Built alongside the Nervion River the Guggenheim Museum Bilbao is the largest attraction in the city of Bilbao and houses a striking collection of modern and contemporary art. The colossal 50-metre-high building formed part of a $1.5bn redevelopment plan for the city and was designed by internationally renowned Frank Gehry. The building which was almost instantly hailed as one of the most significant structures of its time stretches under the Puente de la Salvé and incorporates it into its design. The Guggenheim Bilbao with its ninety or so yearly exhibitions and over ten million visitors, has forever changed the way civilisation thinks about museums, and it continues to challenge our suppositions about relations between art, architecture, and exhibition spaces. Permanent works feature Robert Motherwell, Andy Warhol, Willem de Koonig, Picaso, Robert Rauschenberg and Antoni Tàpies. As works are lent by the various Guggenheims in Venice and New York it often rotates its art collection. More recent European art is also exhibited along with a broad range of works by up-and-coming Basque and Spanish artists.

Abu Dhabi
The new Guggenheim Abu Dhabi, which is expected to be completed in 2013, will be located in the Cultural District of Saadiyat Island in Abu Dhabi, the capital of the UAE. It is to span over 450,000-square-foot, making it the world’s biggest Guggenheim facility. The museum is currently being designed by internationally renowned architect Frank Gehry, who already pleased the Guggenheim Foundation with his impressive work in Bilbao. The Abu Dhabi museum will house its own major modern and contemporary art collection and additionally present special exhibitions that will comprise of works from the Guggenheim Foundation’s vast collection. Moreover the museum will organise global art, exhibitions, and education programs with key focus on Middle Eastern contemporary art. According to the Guggenheim Foundation all works exhibited in that museum will respect Abu Dhabi’s culture as well as national and Islamic heritage. Amongst the museums features will be a permanent collection, several special-exhibitions galleries, a state of the art conservation laboratory, a centre for art, research and technology, an education facility and a centre for contemporary Arab, Islamic, and Middle Eastern culture. The new museum will carve a new approach to the museum visitor experience as it presents a pioneering vision for viewing contemporary art in the context of desert scenery.

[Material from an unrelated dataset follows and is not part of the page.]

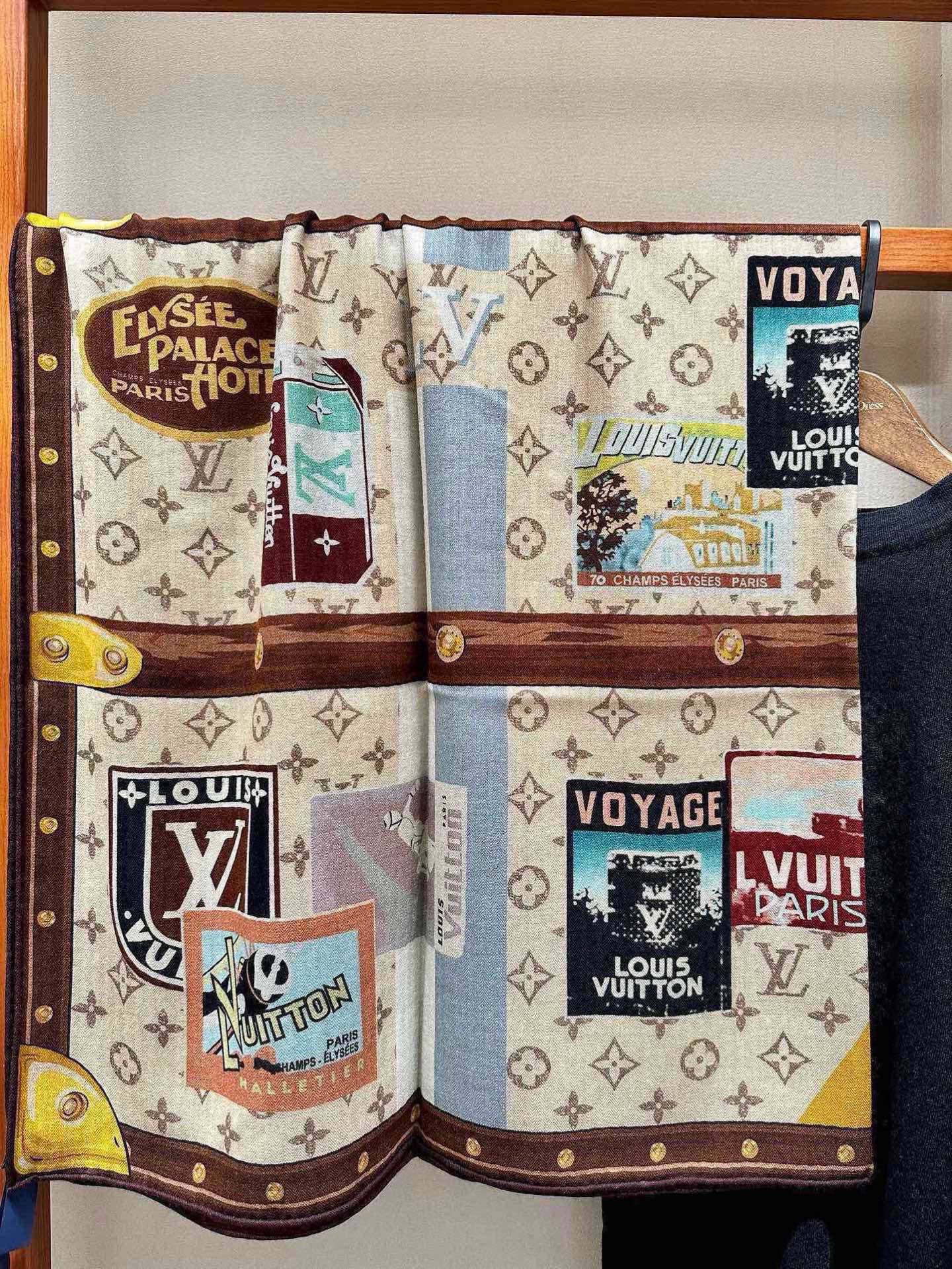 【LV】上新❤️ 路易威登 一款值得品细节的高货抠细节，从一个小块的配色去打败市场货140方巾 二个配色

Possible future Guggenheim (Helsinki)
The city of Helsinki recently commissioned the Guggenheim Foundation to conduct a study and explore the possibility of developing in Finland. According to a recent press release by the foundation, this concept and development study will explore several topics and possibilities. Amongst those will be the potential mission and structure of an inventive, multidisciplinary museum of visual culture in Finland, the form that the museum’s exhibition and education programs might take, its probable relationship with Helsinki’s other existing visual art institutions, the museum’s potential economic impact, and the scope of the Guggenheim Foundation’s involvement in its operation.

The feasibility study is expected to conclude at the end of 2011, at which time any initial recommendations about a new Guggenheim Museum would be subject to approval by the Guggenheim Bilbao as well as the City Council of Helsinki and the board of trustees of the Guggenheim Foundation. Once a decision is made to move ahead with the project, more tangible decisions can then be made, like selecting an architect and a location. The head of the Guggenheim Foundation recently emphasised what an unusual opportunity it will be to be able to start with a clean slate, without prescriptions and promises. “This time round there is an opportunity to re-imagine a museum for the next century”, he said. It is not yet clear what type of architectural plans are considered for the building itself. Original plans by the foundation included the Vilnius Guggenheim Hermitage, which was a proposed museum in Vilnius, the capital city of Lithuania. The museum was scheduled to open in 2011 but persistent doubts about its viability brought about a change of mind and consequently the honour was instead given to Helsinki.